### WHAT YOU WILL DO
Line by line, repeat the material below exactly and skip the images.

···

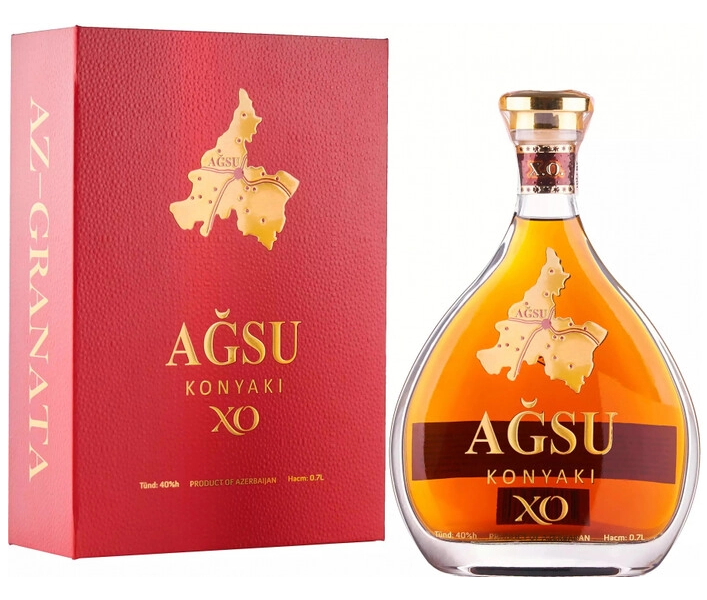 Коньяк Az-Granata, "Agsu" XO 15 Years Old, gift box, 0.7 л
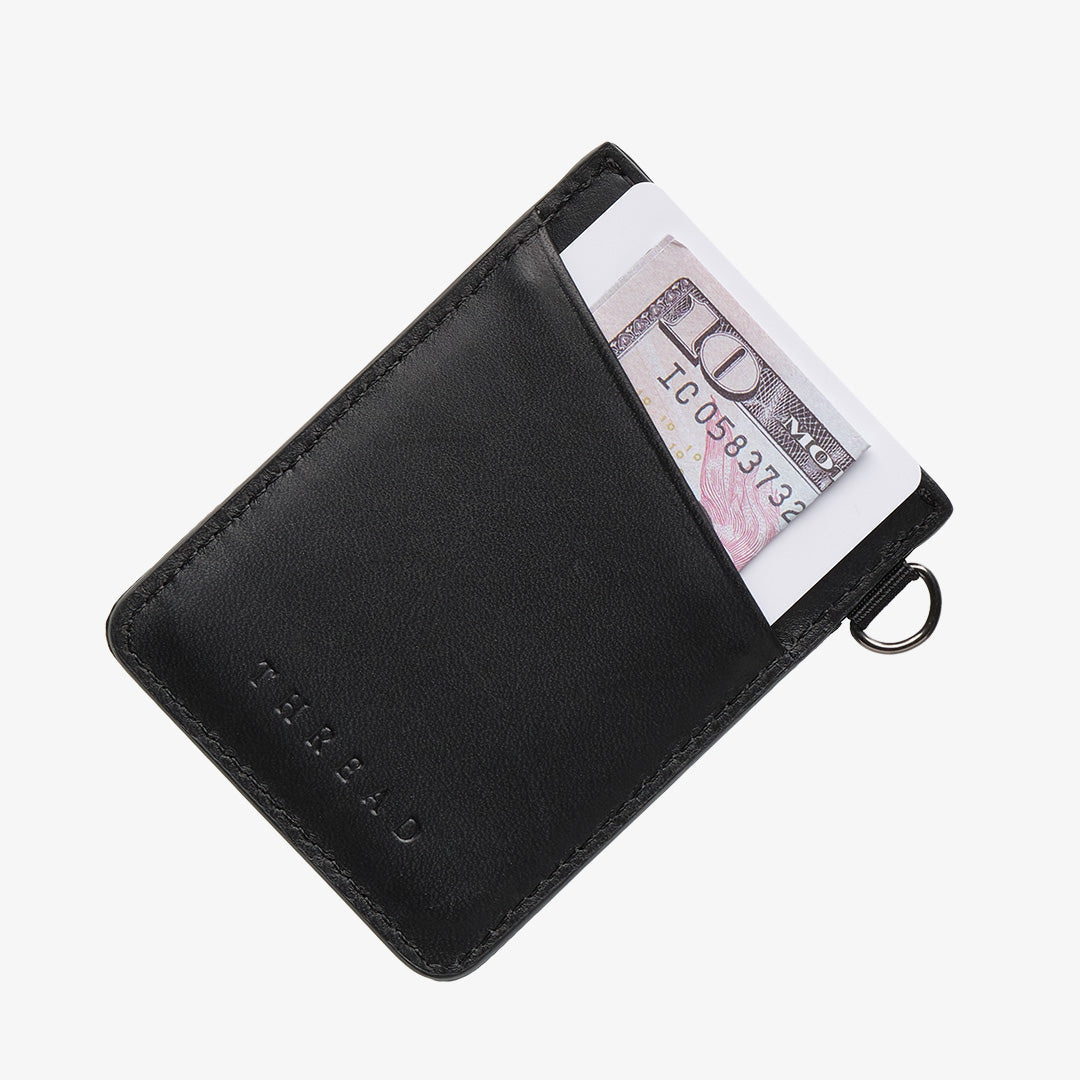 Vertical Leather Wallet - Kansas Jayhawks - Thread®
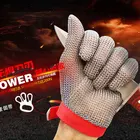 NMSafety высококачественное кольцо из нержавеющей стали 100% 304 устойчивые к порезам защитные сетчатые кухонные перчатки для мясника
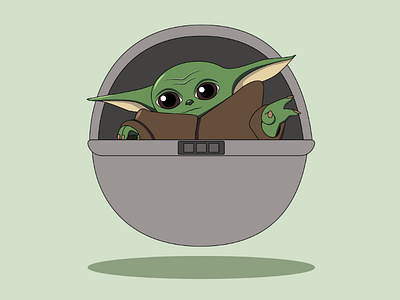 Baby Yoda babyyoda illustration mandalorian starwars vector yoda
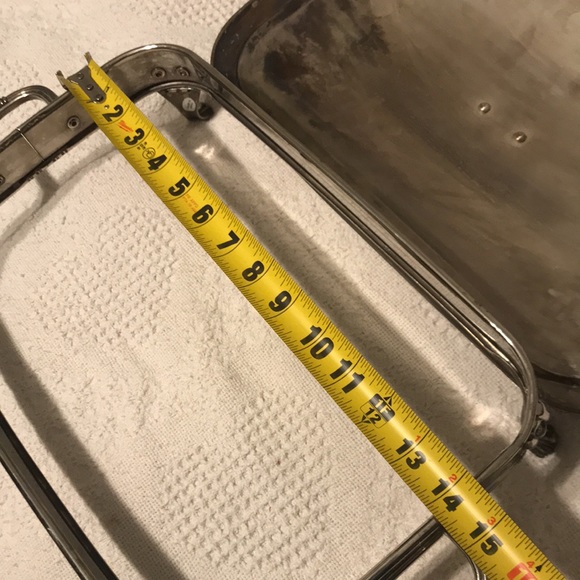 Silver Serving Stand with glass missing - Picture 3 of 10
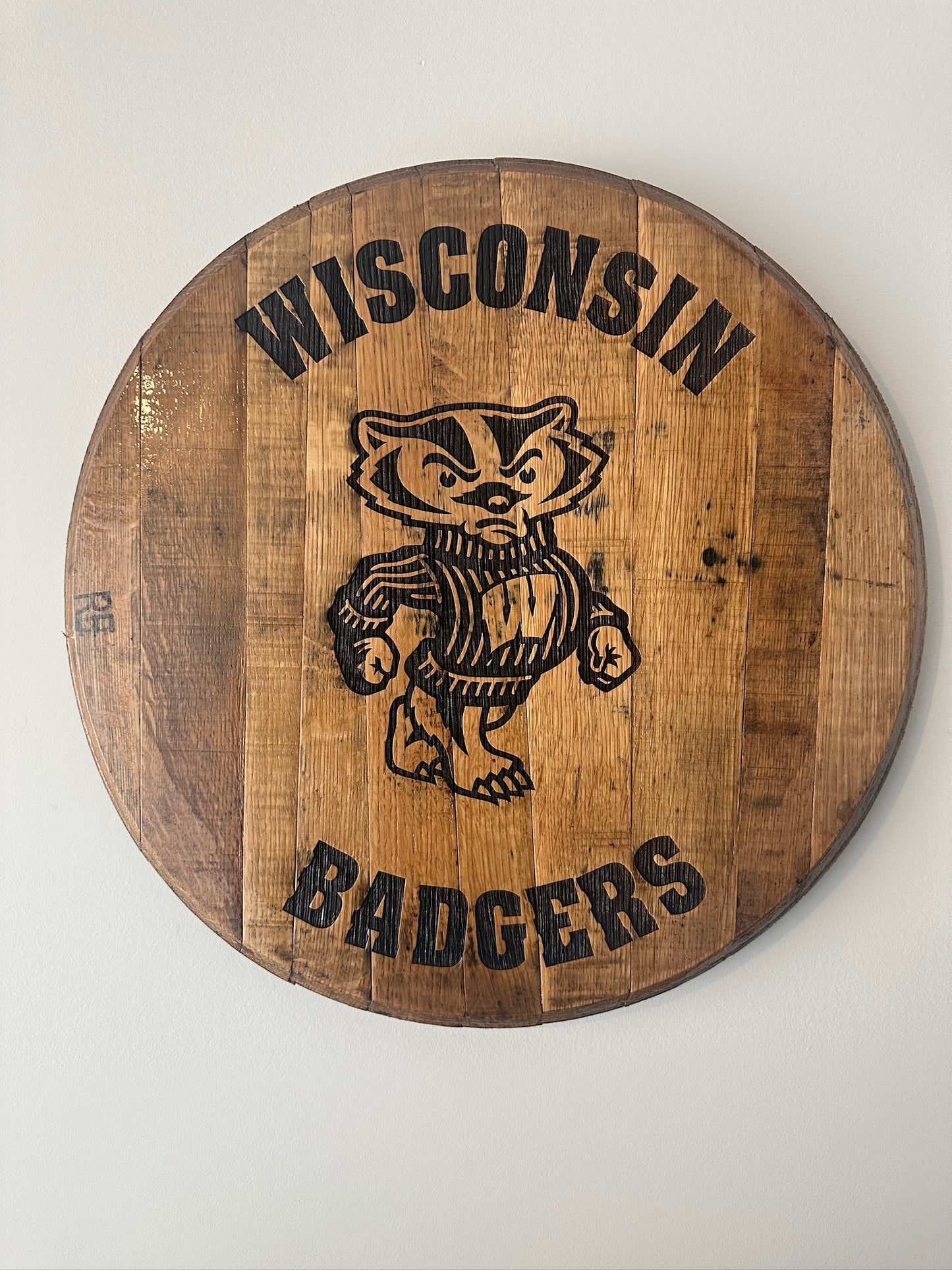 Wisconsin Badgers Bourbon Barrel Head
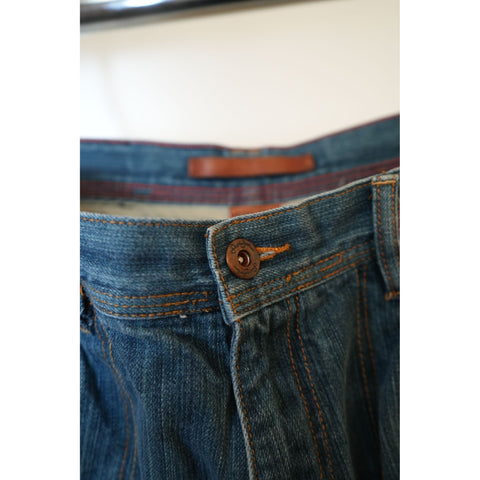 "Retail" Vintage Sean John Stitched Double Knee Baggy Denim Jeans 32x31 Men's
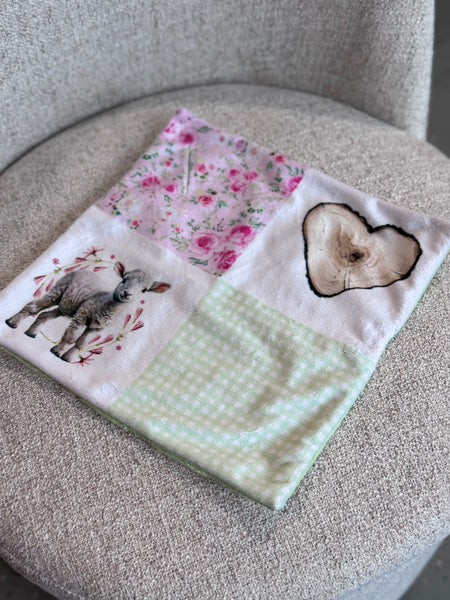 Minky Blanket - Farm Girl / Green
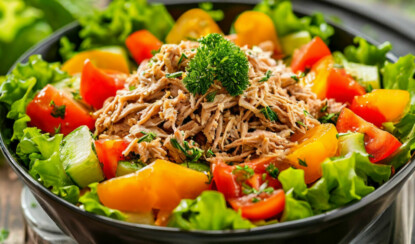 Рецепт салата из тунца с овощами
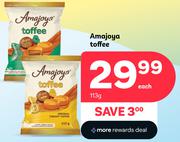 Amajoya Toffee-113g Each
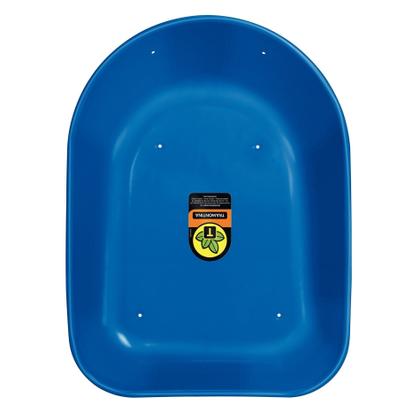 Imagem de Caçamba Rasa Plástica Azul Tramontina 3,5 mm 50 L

···

### ANSWER TO THIS PROBLEM
 Коньяк Az-Granata, "Agsu" XO 15 Years Old, gift box, 0.7 л
 Vertical Leather Wallet - Kansas Jayhawks - Thread®
 NMSafety высококачественное кольцо из нержавеющей стали 100% 304 устойчивые к порезам защитные сетчатые кухонные перчатки для мясника
 Baby Yoda babyyoda illustration mandalorian starwars vector yoda
 Silver Serving Stand with glass missing - Picture 3 of 10
 Wisconsin Badgers Bourbon Barrel Head
 "Retail" Vintage Sean John Stitched Double Knee Baggy Denim Jeans 32x31 Men's
 Minky Blanket - Farm Girl / Green
 Рецепт салата из тунца с овощами
 Amajoya Toffee-113g Each
 Imagem de Caçamba Rasa Plástica Azul Tramontina 3,5 mm 50 L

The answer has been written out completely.